On the Origin of the 511 keV Emission in the Galactic Centre

Reba M. Bandyopadhyay1, Joseph Silk2, James E. Taylor3 and Thomas J. Maccarone4


(1) Department of Astronomy, 211 Bryant Space Science Centre, Gainesville, FL 32611-2055 USA
(2) Department of Astrophysics, Denys Wilkinson Building, 1 Keble Road, Oxford OX1 3RH, UK
(3) Department of Physics & Astronomy, 200 University Avenue West, Waterloo, Ontario, N2L 3G1 Canada
(4) School of Physics & Astronomy, University of Southampton, Highfield, Southampton SO17 1BJ, UK

Paper: MNRAS, 2009, vol. 392

EPrint Server: 0810.3674


Abstract:

Diffuse 511 keV line emission, from the annihilation of cold positrons, has been observed in the direction of the Galactic Centre for more than 30 years.
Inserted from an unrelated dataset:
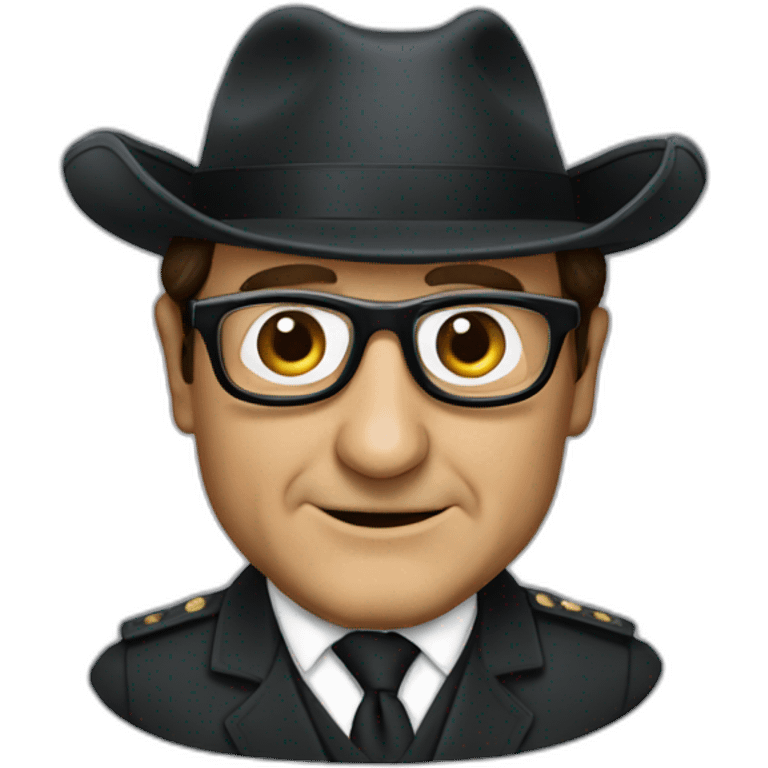 François Hollande wearing turtle disguise emoji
The latest high-resolution maps of this emission produced by the SPI instrument on INTEGRAL suggest at least one component of the emission is spatially coincident with the distribution of 70 luminous, low-mass X-ray binaries detected in the soft gamma-ray band. The X-ray band, however, is generally a more sensitive probe of X-ray binary populations. Recent X-ray surveys of the Galactic Centre have discovered a much larger population (>4000) of faint, hard X-ray point sources. We investigate the possibility that the positrons observed in the direction of the Galactic Centre originate in pair-dominated jets generated by this population of fainter accretion-powered X-ray binaries. We also consider briefly whether such sources could account for unexplained diffuse emission associated with the Galactic Centre in the microwave (the WMAP `haze') and at other wavelengths. Finally, we point out several unresolved problems in associating Galactic Centre 511 keV emission with the brightest X-ray binaries.